* Dataset extract
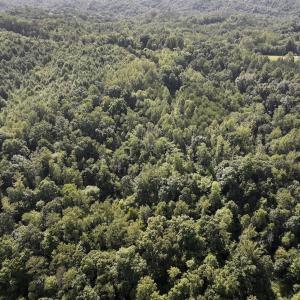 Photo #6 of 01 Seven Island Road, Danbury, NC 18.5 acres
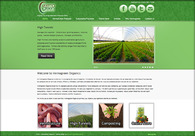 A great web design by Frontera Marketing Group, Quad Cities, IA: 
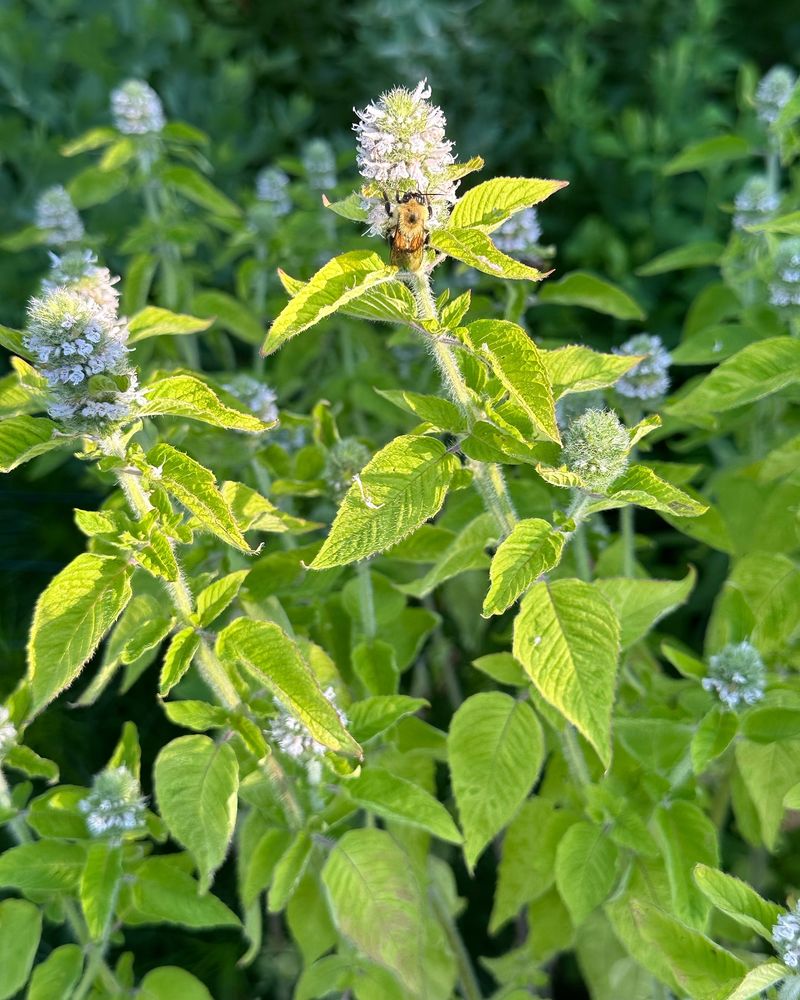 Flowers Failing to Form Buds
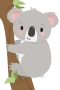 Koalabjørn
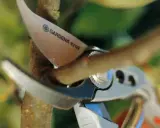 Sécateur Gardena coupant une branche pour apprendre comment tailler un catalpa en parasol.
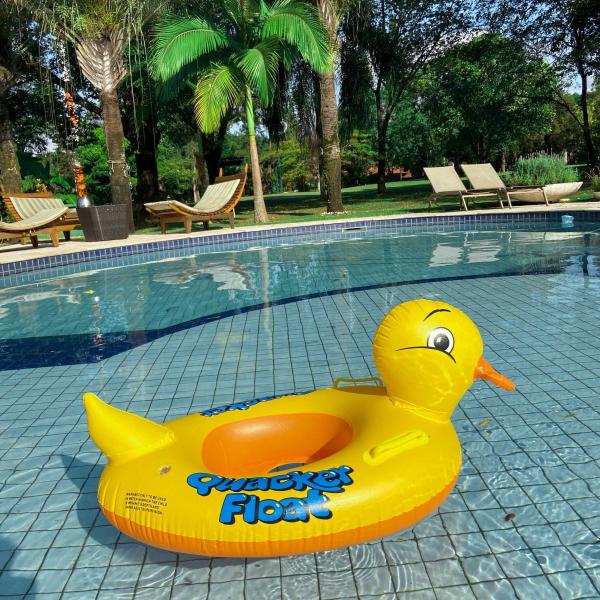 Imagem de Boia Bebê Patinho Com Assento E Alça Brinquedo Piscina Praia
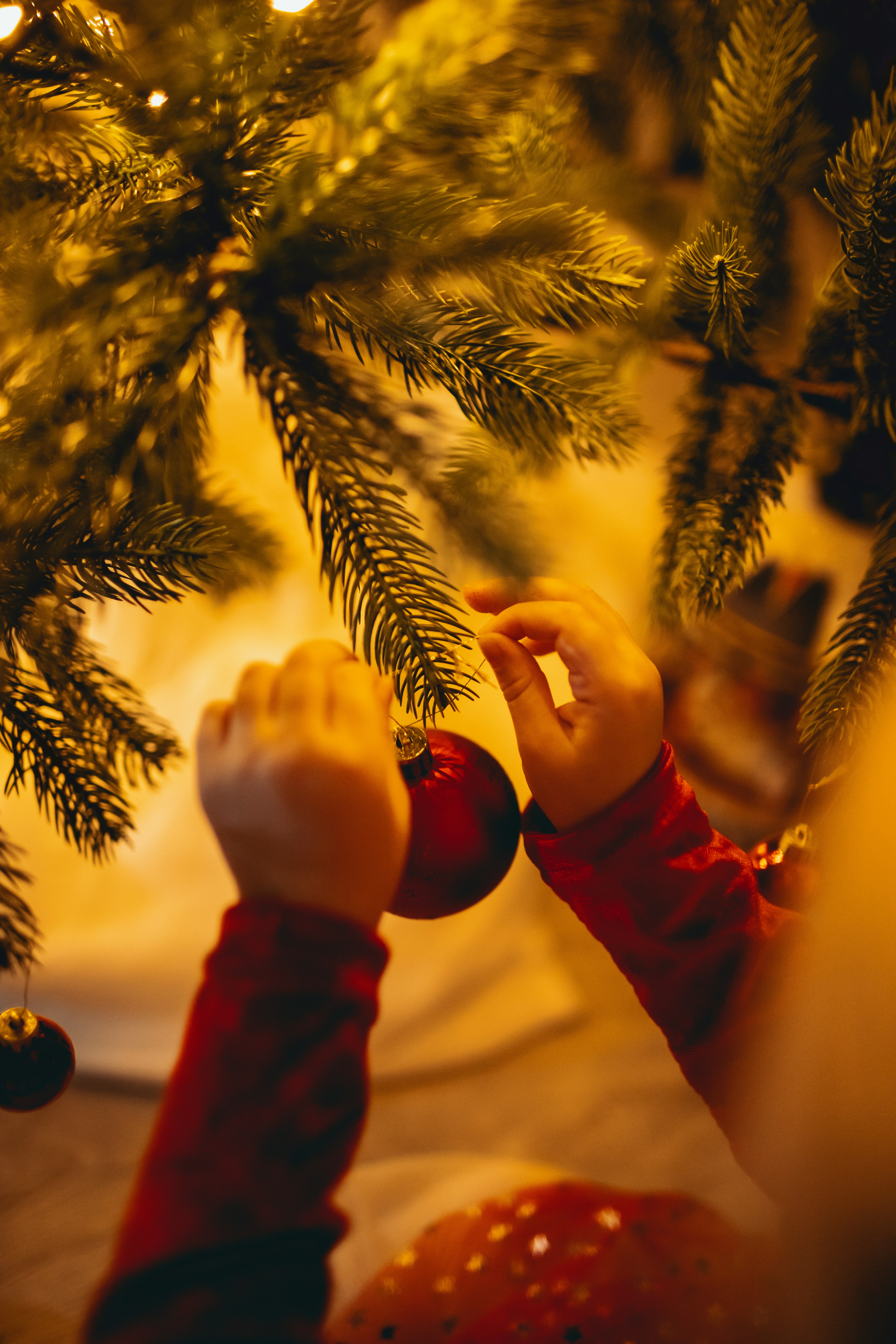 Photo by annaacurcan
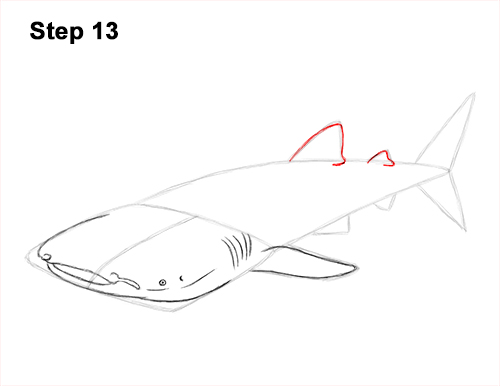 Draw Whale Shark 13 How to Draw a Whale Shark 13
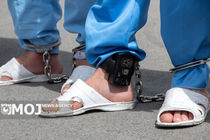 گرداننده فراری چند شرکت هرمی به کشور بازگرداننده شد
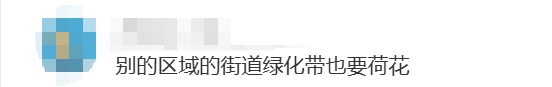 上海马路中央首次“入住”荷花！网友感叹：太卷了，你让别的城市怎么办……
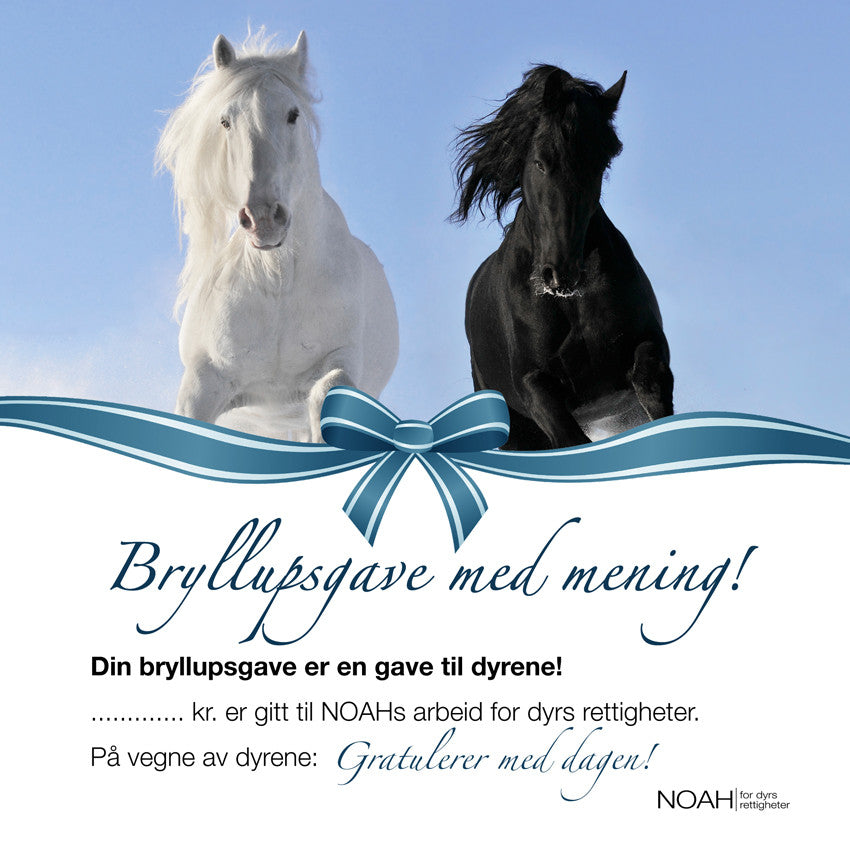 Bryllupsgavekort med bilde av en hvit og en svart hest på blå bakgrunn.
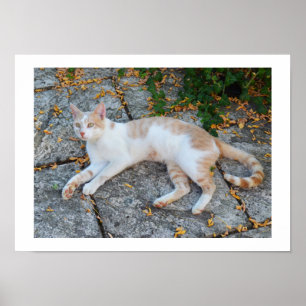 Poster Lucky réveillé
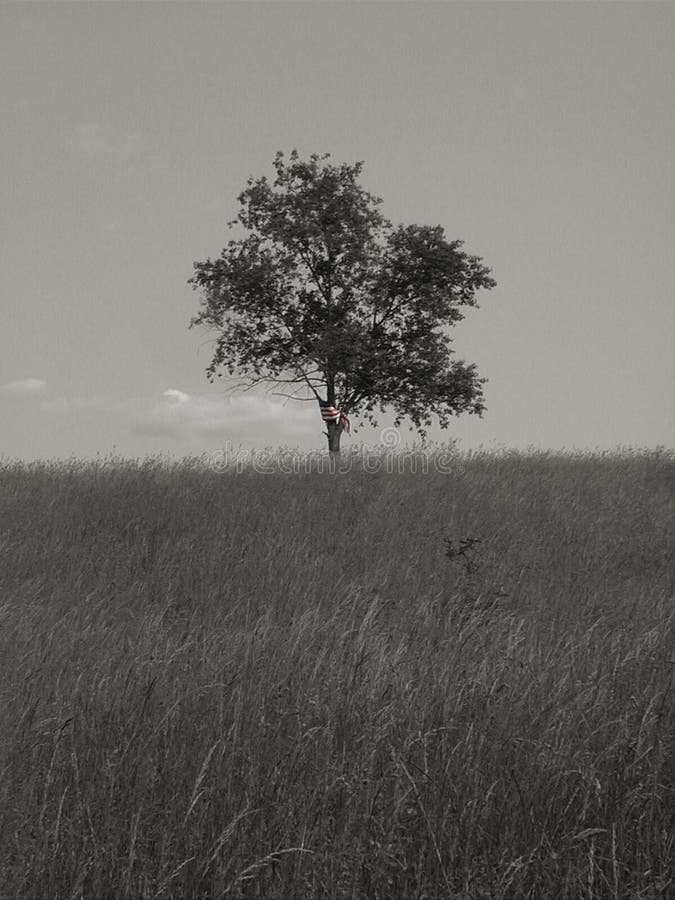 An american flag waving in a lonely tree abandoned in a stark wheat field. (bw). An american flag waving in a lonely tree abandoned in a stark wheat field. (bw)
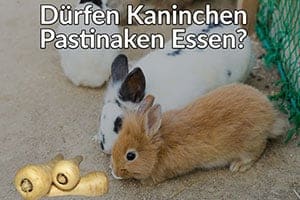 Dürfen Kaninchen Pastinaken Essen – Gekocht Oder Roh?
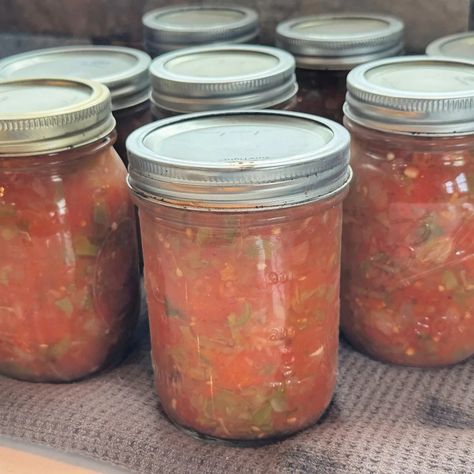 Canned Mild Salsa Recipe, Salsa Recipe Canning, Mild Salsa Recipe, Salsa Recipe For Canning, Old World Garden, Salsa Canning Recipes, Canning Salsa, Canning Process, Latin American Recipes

* Exercise
Lines from the one with "Dürfen Kaninchen Pastinaken" through the final line of the records are the whole answer; print them exactly, minus any pictures.

* Expected answer
 Dürfen Kaninchen Pastinaken Essen – Gekocht Oder Roh?
 Canned Mild Salsa Recipe, Salsa Recipe Canning, Mild Salsa Recipe, Salsa Recipe For Canning, Old World Garden, Salsa Canning Recipes, Canning Salsa, Canning Process, Latin American Recipes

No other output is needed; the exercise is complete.